**PROBLEM DETAILS:** For every line below, restate it exactly and drop the images.

**DATA EXCERPT:**

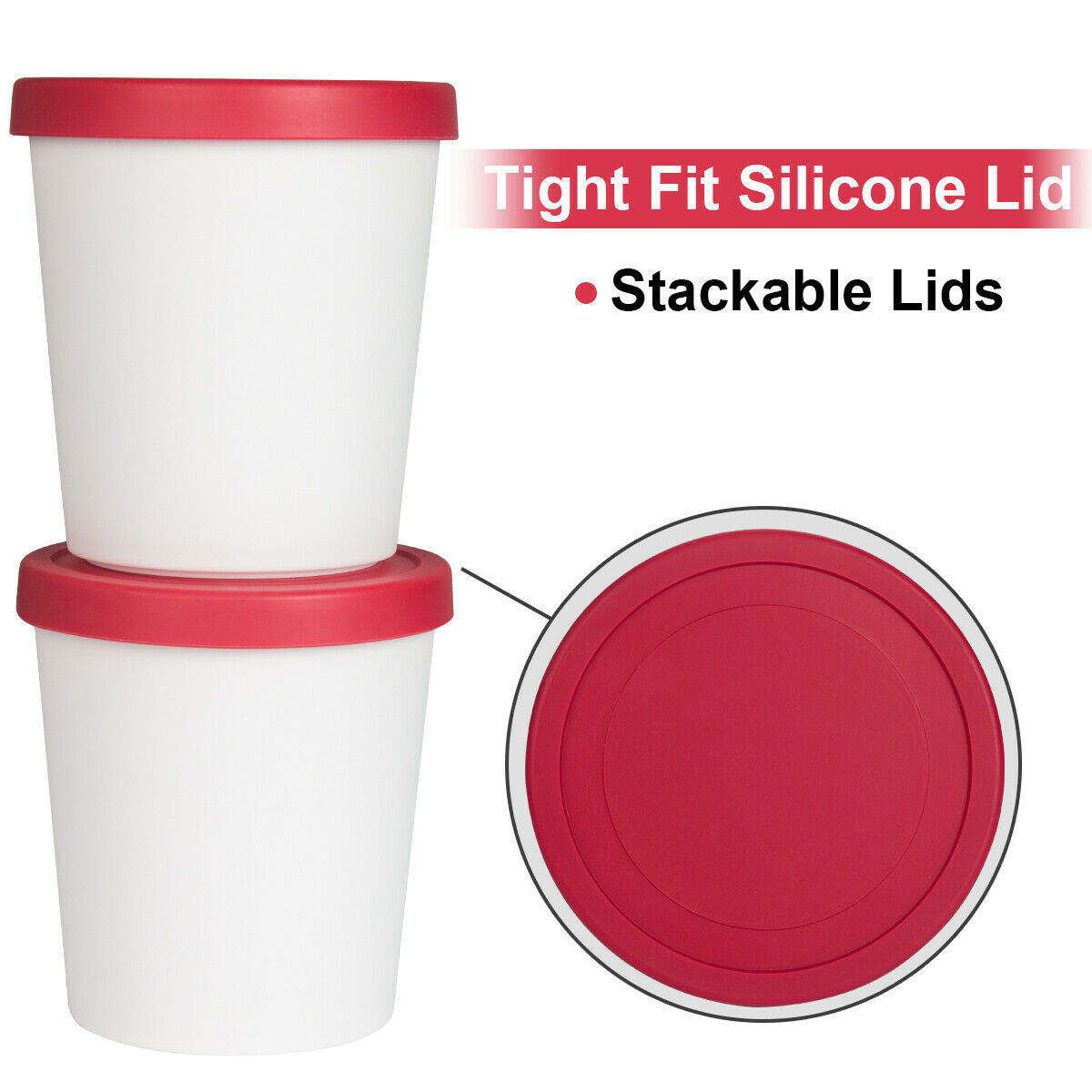 2PCS Ice Cream Containers Yogurt Sorbet Freezer Storage Tubs Reusable Container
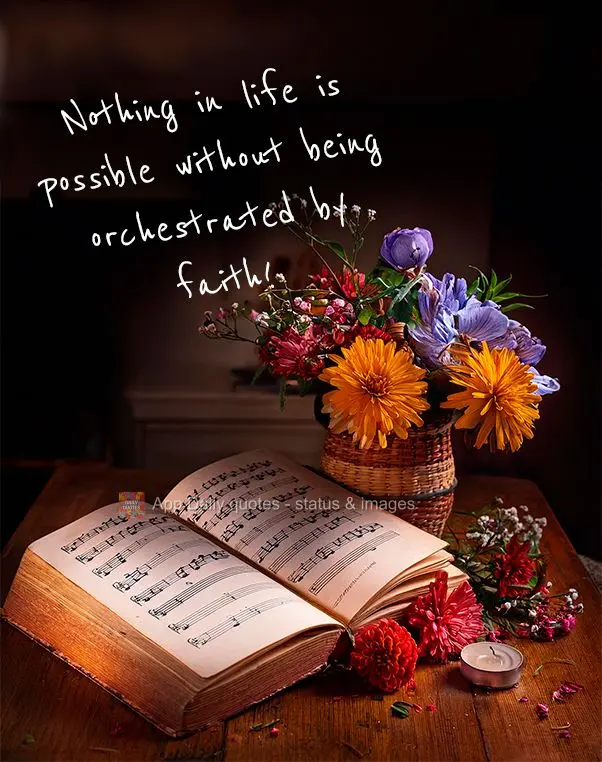 Nothing in life is possible without being orchestrated by faith!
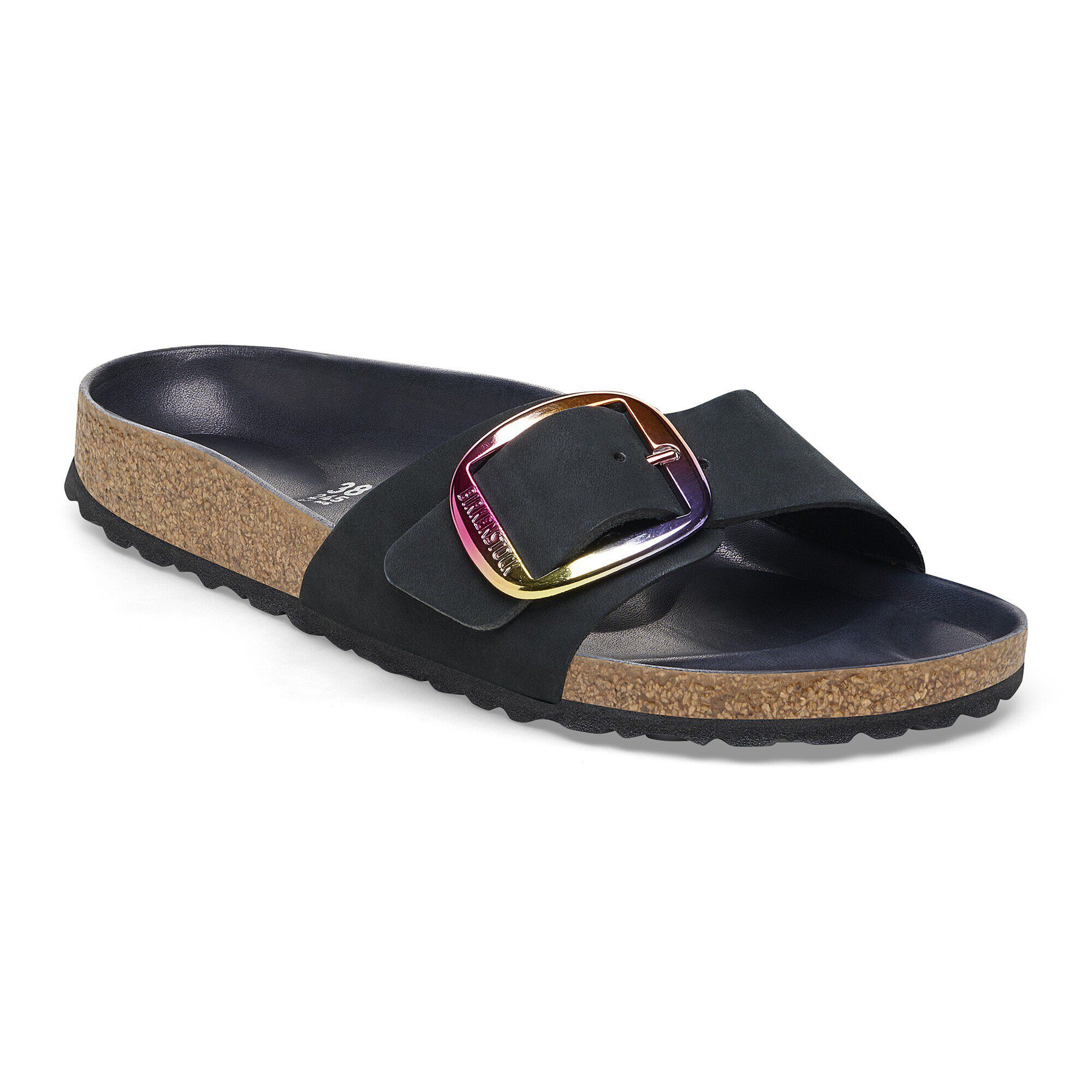 Madrid Big Buckle Nubuck Leather in Color Black | BIRKENSTOCK US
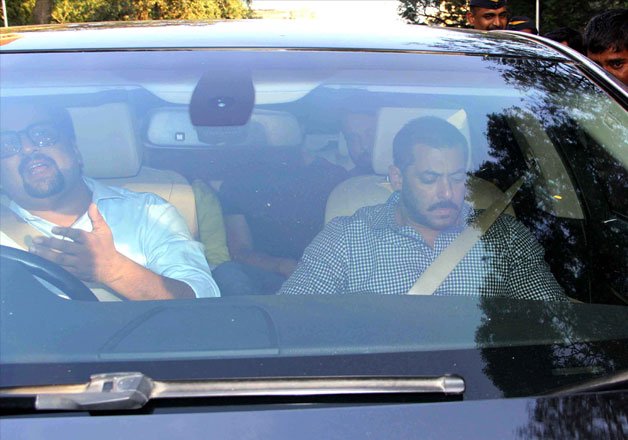 Actor Salman Khan leaves Bombay High Court after he was acquitted in 2002 Hit and Run case, in Mumbai on Thursday.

**SOLUTION FOR THIS TASK:**
 2PCS Ice Cream Containers Yogurt Sorbet Freezer Storage Tubs Reusable Container
 Nothing in life is possible without being orchestrated by faith!
 Madrid Big Buckle Nubuck Leather in Color Black | BIRKENSTOCK US
 Actor Salman Khan leaves Bombay High Court after he was acquitted in 2002 Hit and Run case, in Mumbai on Thursday.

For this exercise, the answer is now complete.